There’s a terribly shocking number that every expectant parent should be aware of: the cost of college tuition in 18 years. According to Campus Consultants, Inc, the average cost for a private university could be as high as $130,000…a year. The picture looks just bleak for students at state universities, with the average bill projected at over $41,000 annually.
And you thought college tuition today was bad.
The good news is that there are ways to help defer the costs of college. Scholarships and grants can help defer the costs for the best and brightest, and financial aid based on financial need can help minimize the burden for lower-income families. But one of the most critical, and often overlooked pieces of the college tuition equation comes in the form of savings.
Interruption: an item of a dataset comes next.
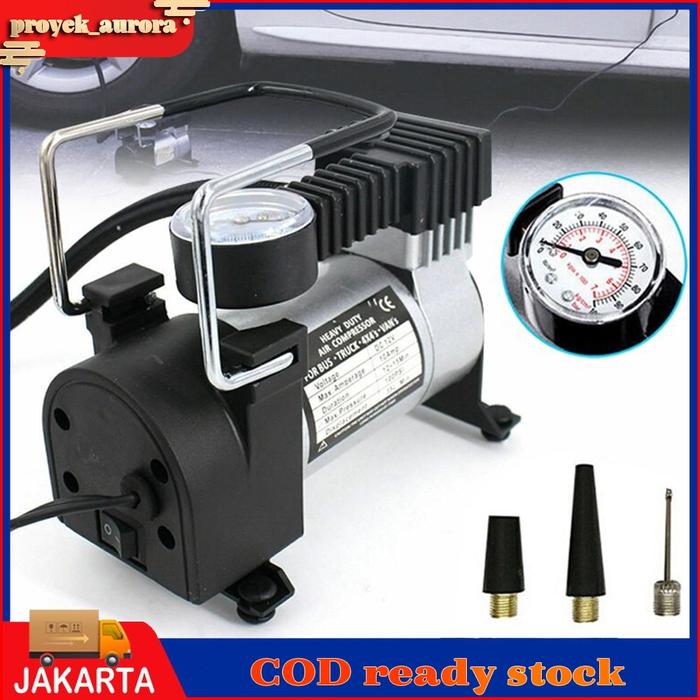 【Flash Sale!!!】Kompresor Angin Listrik Kompresor Mini Pompa Ban Mobil Motor Elektrik Mini Pompa Angi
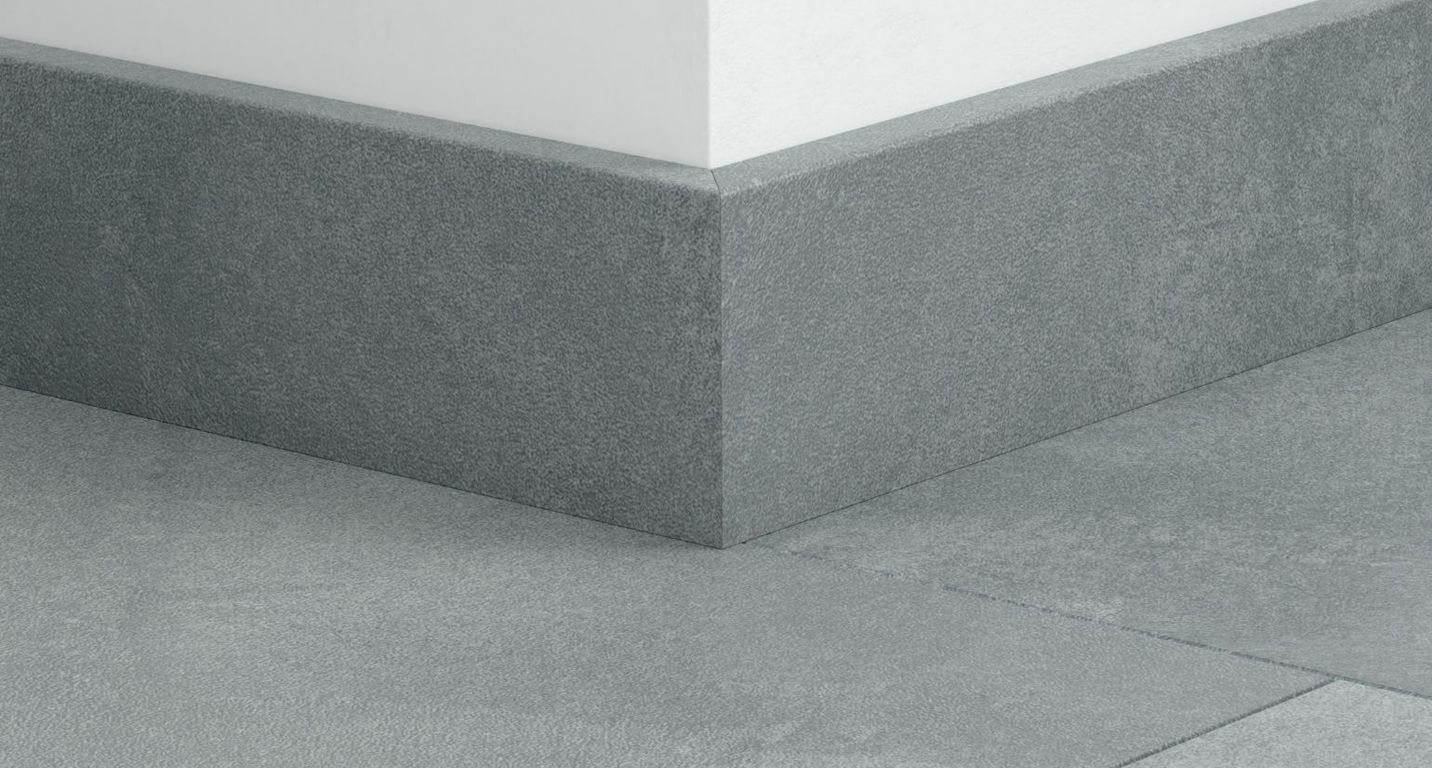 Plinthe  Quick Step, Mdf, décor Béton bleu, h.5.80 x L. 240.00 cm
You won’t need to cover your child’s entire college tuition with your savings alone, but savings can play a big role in covering any gap in tuition costs. If you save just $100 a month from when your child is born until they head off to college, you’ll have almost $20,000 – and that doesn’t even include any interest, earnings or tax breaks you’ll get.
Already convinced that saving for your child’s future education is the right thing to do? Looking for the most strategic way to start putting money away? That’s where a 529 college savings plan comes in.
What is a 529 college savings plan?
A 529 plan is an education savings plan dedicated specifically for helping families save money for college. A 529 plan is very similar to a 401(k) retirement plan – the funds are meant to be used for a specific purpose, you have the chance to grow your savings through investments and you may be eligible for tax incentives.
Who offers 529 college savings plans?
Most states offer a 529 plan and some states offer tax incentives for residents in that state. You can also invest in another state’s plan, if you prefer their investment options over your own state’s. If you want to compare and contrast different 529 plans, visit savingforcollege.com.
How does a 529 college savings plan work?
529 plans can be used for qualified educational expenses at most college across the country – that means tuition, room and board and even textbooks. And if you have a 529 plan in one state, you can still use that money to pay for an out-of-state college. You also stay in complete control of the account. In most cases, your beneficiary (e.g. your child) does not get to decide how the money is spent. Finally, regardless of what state you live in, you’ll get federal tax benefits for contributing to a 529 plan.
How do you know if a 529 college savings plan is right for you?
Deciding whether or not to open a 529 plan depends on your timeline and priorities. If you’re looking for a smart, tax-advantage savings vehicle to stash away your college savings, a 529 plan is a great option. How much to contribute to your 529 plan is entirely up to you. Just make sure you keep other longer-term goals, like your own retirement funding, in the picture.